Perbanas Khawatir OJK Berpihak ke Bank Besar
Berita

Perbanas Khawatir OJK Berpihak ke Bank Besar

Semakin besar aset industri, akan semakin besar pula iuran yang akan dipungut OJK.

FAT
Bacaan 2 Menit
Perbanas Khawatir OJK Berpihak ke Bank Besar
Hukumonline

Perhimpunan Bank-Bank Umum Nasional (Perbanas) khawatir jika iuran Otoritas Jasa Keuangan (OJK) yang dipungut dari industri keuangan memicu munculnya keberpihakan. Ketua Perbanas Sigit Pramono mengatakan, keberpihakan bisa saja terjadi jika iuran yang dipungut berdasarkan total aset industri keuangan tersebut.

Setidaknya, terdapat 10 bank yang memiliki aset besar yang dikhawatirkan mendapat dukungan lebih dari otoritas. Atas dasar itu, ia berharap independensi OJK selaku regulator tetap terjaga meski iuran yang didapat dari industri keuangan tak sama jumlahnya. Bukan hanya itu, ia berharap pengawasan yang dilakukan OJK akan lebih baik dari sebelumnya.

“Saya hanya mengingatkan ada potensi yang dipertanyakan, bagaimana dengan independensinya. Karena ada sejumlah bank yang iurannya lebih besar dari bank lain,” ujar Sigit di Jakarta, Rabu (4/12).

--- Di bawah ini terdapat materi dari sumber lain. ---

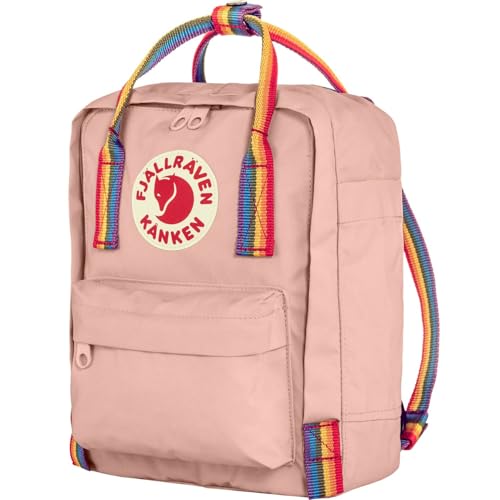Fjällräven Kanken Mini Backpack - Compact Everyday Carry, Durable Vinylon Fabric - Travel - color: Chalk Rose/Rainbow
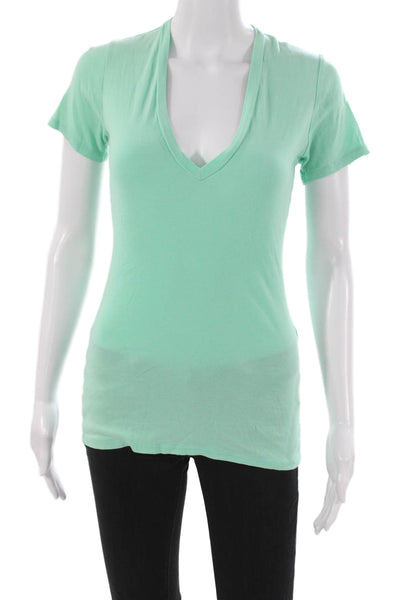 Monrow Womens Basic V-Neck Short Sleeve T-Shirt Green 50% Supima Size S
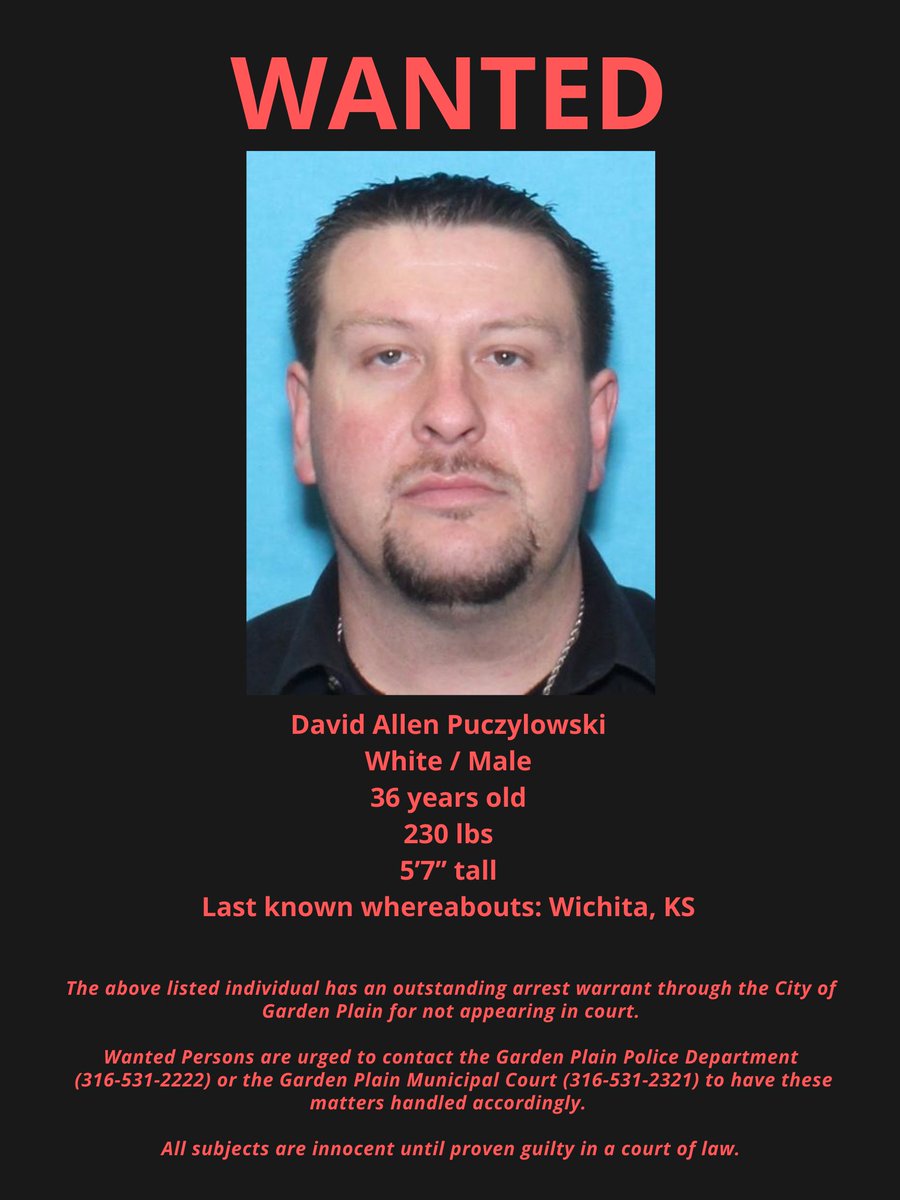GardenPlainPD's tweet photo. Have you seen David Puczylowski? #WantedPerson https://t.co/hyleYRrg5v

Menurut Sigit, kekhawatiran ini terjadi lantaran iuran dihitung dari nilai aset sebuah industri keuangan. Semakin besar aset industri tersebut, maka semakin besar pula iuran yang dipungut oleh OJK. “Secara manusiawi kalau yang membayar lebih besar tentu saja orangnya lebih didengar,” katanya.

Ia berharap, dalam pengelolaan iuran ini OJK dapat bersifat transparan. Bila perlu, lanjut Sigit, transaparansi tersebut berupa adanya laporan keuangan ke industri. Selama ini, OJK hanya melapor ke DPR lantaran menggunakan dana APBN. Namun, jika dilihat dari jenis pendapatannya, selain APBN OJK juga memperoleh anggaran dari iuran yang dipungut ke industri keuangan.

“Maunya harus transparan saja. Ketika ada yang membayar lebih besar harus sama saja,” ujar Sigit.

Terkait hal ini, Ketua Dewan Komisioner OJK Muliaman D Hadad menyanggupi akan berlaku transparan ke seluruh industri. Menurutnya, transapran merupakan bentuk governance yang baik. “Transparan, auditable kemudian juga dilaporkan itu dari segi prosesnya,” katanya.

Dari segi substansi, lanjut Muliaman, iuran tersebut nantinya akan dikembalikan ke industri. Pengembalian tersebut berupa program kerja yang bermanfaat bagi industri sehingga menjadi nilai tambah bagi industri itu sendiri. Atas dasar itu, ia sepakat jika ada komunikasi lebih lanjut antara OJK dengan industri mengenai hal ini.

Pentingnya komunikasi, lanjut Muliaman, lantaran tiap industri memiliki keperluan yang berbeda satu sama lain. Misalnya Bank Perkreditan Rakyat (BPR), biasanya keperluan BPR adalah membentuk Sumber Daya Manusia (SDM) yang baik. “Tentu saja komunikasi itu diperlukan, sehingga kemudian program kerja yang dilakukan OJK betul-betul mengena sasaran dan bermanfaat sehingga demikian menjadi nilai tambah dari iuran yang dipungut,” tambahnya.

Kepala Badan Pengawasan Keuangan dan Pembangunan (BPKP) Mardiasmo berharap agar OJK dapat transparan dalam pengelolaan iuran yang dipungutnya. Menurut dia, transparansi ini merupakan bagian dari menjaga governance yang baik. “Mestinya prinsip di sana iuran bagian dari operasional OJK, sepeser pun harus dilaporkan, untuk jaga risk governance dan menjaga amanah,” katanya.

Ketua Komite Ekonomi Nasional (KEN) Chairul Tanjung sepakat jika iuran ini diberlakukan. Namun, dalam melaksanakan tugasnya OJK harus menjunjung tinggi kebersamaan dengan pelaku industri dan negara. “Karena tujuan OJK membangun industri yang baik dan sehat saya tidak keberatan, dengan catatan kalau ada kontribusi uang industri untuk OJK, berarti OJK punya stakeholder yang lebih luas,” pungkasnya.